Il avait pourtant Moïse et les prophètes
qui dénonçaient à hauts cris les injustices de toutes sortes,
qui dénonçaient la première des injustices :
celle d’avoir été sauvés par le Dieu d’Israël de la pire misère
et de ne pas prendre soin, en réponse,
de ceux qui sont dans la misère.
Ils avaient Moïse et les prophètes,
mais l’homme riche et religieux est un sourd.
Même si quelqu’un de chez les morts ressuscitait,
ils ne seraient pas convaincus
de ce que l’urgence est de partager.
La seule issue pour ces riches,
la chance de leur vie, pour ne pas dire la grâce,
ce serait qu’ils tombent dans la pauvreté
et qu’ils se fassent des amis avec l’argent trompeur
qui les accueilleront dans les tentes éternelles (cf.
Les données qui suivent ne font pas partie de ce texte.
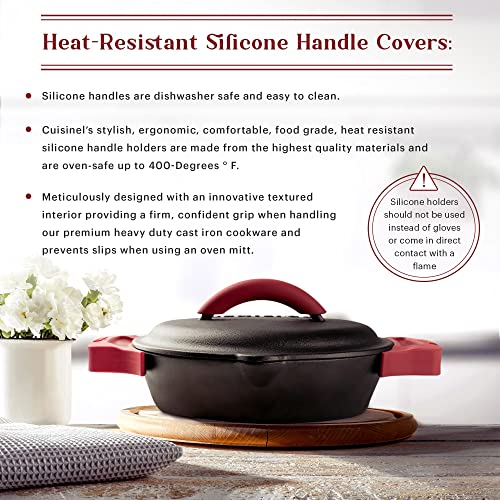 Cast Iron Skillet + Cast Iron Lid Set (Dual Handle Skillet + Cast Iron Lid / 8"+10"+12")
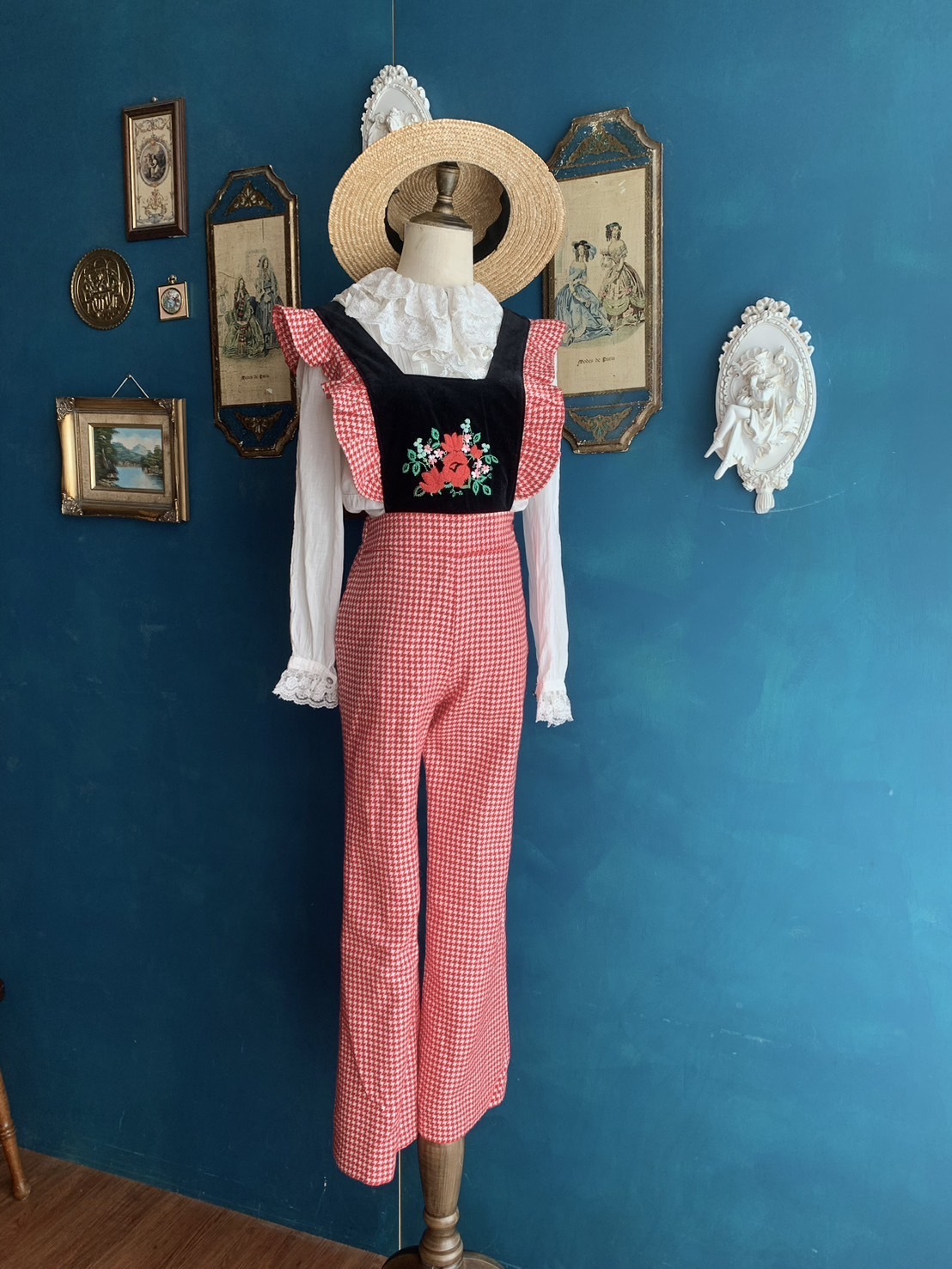 Vintage Dress/古著日本製千鳥格”童裝“吊帶褲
Lc 16,9).
Frères et sœurs,
c’est à nous aujourd’hui
que le Seigneur adresse cette parabole.
Regardons bien :
est-ce que nous n’avons pas creusé
même subtilement,
même pieusement,
un abîme autour de nous
pour ne pas être dérangé
pour ne pas avoir à partager ?
Regardons bien quelles sont les richesses
que nous ne voulons pas partager.
Notre temps ?
Notre argent ?
Notre pain ?
Notre toit ?
Mais aussi : notre foi…
Nous aurons à répondre devant Dieu
de ce que nous n’aurons pas voulu partager.
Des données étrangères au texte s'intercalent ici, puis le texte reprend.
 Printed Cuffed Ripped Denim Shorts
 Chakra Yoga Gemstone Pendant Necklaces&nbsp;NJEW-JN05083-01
Si nous creusons un abîme pour ne pas partager,
cet abîme sera notre enfer.
Mais, au contraire,
si nous partageons nos richesses
– et d’abord notre foi –
avec le Lazare que le Seigneur a placé près de nous,
c’est par ce Lazare
que nous goûterons la joie du Salut.
Allons jusqu’au bout de cet Évangile.
Quelle est la plus grande richesse ?
C’est l’amour !
Qui est riche ?
Qui est le plus riche ?
C’est Dieu !
Or Dieu a-t-il l’habitude de creuser un abîme
pour ne pas partager son Amour ?
Non !
Au contraire : il crée pour partager !
Il est communion d’Amour
et il crée pour déverser cette communion,
pour partager sa Vie divine.
C’est tout le contraire du riche de l’Évangile
Dieu suscite la vie pour se donner.
C’est cet amour-là qui se reflète
lorsque des époux désirent donner la vie à des enfants.
Ils suscitent la vie, ils la pro-créent
pour pouvoir partager l’amour dont ils vivent !
C’est cet amour-là que nous accueillons tous
quand nous vivons notre foi chrétienne.
Nous entrons dans les mœurs de Dieu.
Notre désir, notre joie est de partager, de donner.
Alors, même le pardon devient notre joie.
Et peut être la plus belle
car le pardon est le bien le plus précieux
que tous nous pouvons donner,
nous pouvons partager.
Et le baptême nous en a rendus capables.
Qu’en ce Carême chacun de nous se dépêche
d’en finir avec les abîmes que nous avons creusés
pour que Pâques soit
une vraie et belle communion dans l’Amour.